The Misadventures of Quinxy truths, lies, and everything in between!

23Dec/150

Newegg Shenanigans and Nonsense

Once upon a time the place to buy PC hardware was Newegg.  Their selection was great, their prices were good, their shipping speed was good, and their community was fantastic.  But my last few experiences have soured me on them.

A few weeks ago I bought a new SSD hard drive from Newegg.  They had it for a good price.  It happened to come with a free Assassin's Creed game; I did not care about the game and have no intention of ever playing it (I haven't liked the previous Assassin's Creed games).  Instead of getting one invoice for the purchase (I only clicked a buy button once, so I expected only one invoice) I got two.  Once invoice was for the game and showed me paying full price for it ($59.99).  The other invoice was for the SSD and it had a $59.99 discount on it.  I call shenanigans!  Clearly Newegg is helping Ubisoft (the makers of Assassin's Creed) boost their software sales numbers by making it seem like more people wanted and paid full price for the game than they did.  That seems pretty shady, though certainly not unheard of.  What I'm more offended by is that their implementation of the scam means I get twice the emails related to a purchase as I would receive and have to spend a couple of minutes figuring out what is going on (e.g., "Why did I just get charged for a game I was told is free?").

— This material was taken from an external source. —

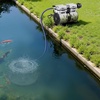 image:imageVEVOR Pond Aerators 67CFM Aeration System for Lakes up to 3 Acres 1 HP Air Compressor 4 Diffusers amp Four 100 Weighted Tubing Outdoor Pond Aeration Pump for Deep Water Oxygen Circulation52CFM1 Nano diffuser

And just today I made a purchase with Newegg for a build-your-own gaming computer only to have my one order divided after purchase into four separate invoices, each charged separately, with three emails to confirm my purchase, three emails to tell me I've been charged, three emails from PayPal telling me I was charged, three tracking/shipping/download emails, and another three emails related to the sale (a free game coupon from Newegg as part of it, a Google Trusted Store confirmation email, and something else).  I got fifteen emails within ten hours as a result of placing a single order.  And they have engaged in more shenanigans by they giving me a free game but then insisting on charging me $0.99 on an additional invoice only to then deduct that $0.99 from a separate invoice.  Because of how they've split the orders up, performed their freebie shenanigans, applied coupons, etc. it's needlessly complicated to know if I've been properly charged and what I actually bought.  I'm sure Newegg has technical, financial, and logistics reasons for doing what they are doing, but it's onerous and absurd, something I would have expected in 1999, not 2015.  I can't think of any Amazon or other purchase experience which has been this convoluted.